В то время шли выборы в Академию наук. Выдвинули мою кандидатуру. Три академика философа принимали решение: Митин, Федосеев и Юдин. Юдин был "за". Митин был "против", потому что я в своей статье "Философия" его, Митина, лично задел. Голос Федосеева решал все. И снова он встал на моем пути! Он позвонил в ЦК. Ильичев предложил ему кандидатуру родственника Суслова, и меня провалили.
Меня в Академию много раз проваливали. Голосовали "против" даже вполне приличные люди. Академик Кедров мне говорил:
- Александр Георгиевич, отойдите от Константинова, и я вас поддержу.
Он осуждал меня. Формально-то я действительно был при Константинове, но никаких общих планов у нас никогда не было: я в глазах сталиниста Константинова был одиозен. Кедров - философ яркий, незаурядный. Он очень творческий был человек. А еще он, когда маленький был, где-то в Швейцарии, кажется, на коленях у Ленина сидел. Вот этот эпизод всю жизнь спасал его от критики. Он позволял себе быть резким, со всеми скандалил. Митина ненавидел! Константинова ненавидел! И меня ненавидел.
Но и он был не без греха - на склоне лет написал книгу и посвятил ее... в это трудно поверить... Черненко! Все же понимают, каким ничтожеством был последний. Он в Молдавском ЦК у Брежнева заведовал гаражом. И лишь по несуразице, на почве выпивки, что ли... Брежнев его назначил на должность в ЦК. А назначив один раз, двигал дальше.
Константинов рассказывал, что как-то раз он спросил у Брежнева:
- Леонид Ильич, есть ли у вас человек для меня?
- Федор Васильевич, - ответил тот, - есть у меня человек для вас. Замечательный. Черненко!
Через неделю Черненко заведовал у Константинова каким-то отделом, а потом вошел в Политбюро. Святой обязанностью Черненко было давать Брежневу прикурить - услужливо, вовремя и так, чтобы нос не обжечь. А Кедров ему книгу свою посвятил!.. Странно мне это.
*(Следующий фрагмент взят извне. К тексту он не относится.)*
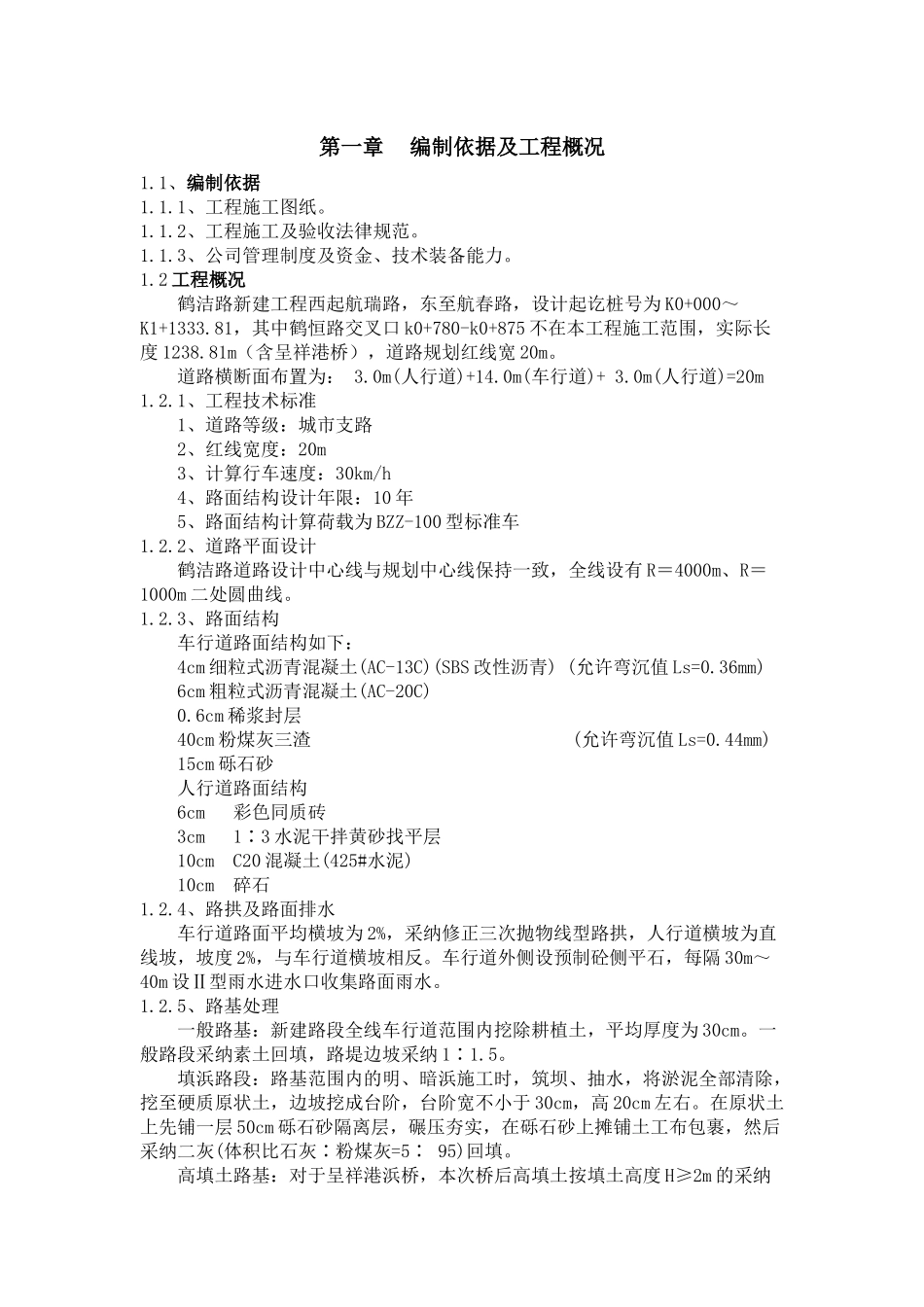 鹤洁路道路施工组织设计概论_第1页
Кедров очень в полемике был хорош - остер! Но мне всегда хотелось его спросить:
- Бонифаций Михайлович, почему же вы свой проницательный ум не направили на решение важнейших философских проблем?
Понятно, почему: опасно это было. Вроде всю жизнь он что-то творил, а что сотворил? Да, ничего! Он тоже - апологет власти, хочешь того или нет.
А защищен он был дьявольски! Колени Ленина всегда и от всего его спасали. Он меня осуждал, а что мне оставалось делать? Я на коленях у Ленина не сидел. В тюрьме сидел! Мне в Институте философии на всех собраниях рот затыкали:
- Спиркин, с вашей биографией сидеть бы и молчать!
Я вынужден был мириться. Я должен был жить и работать.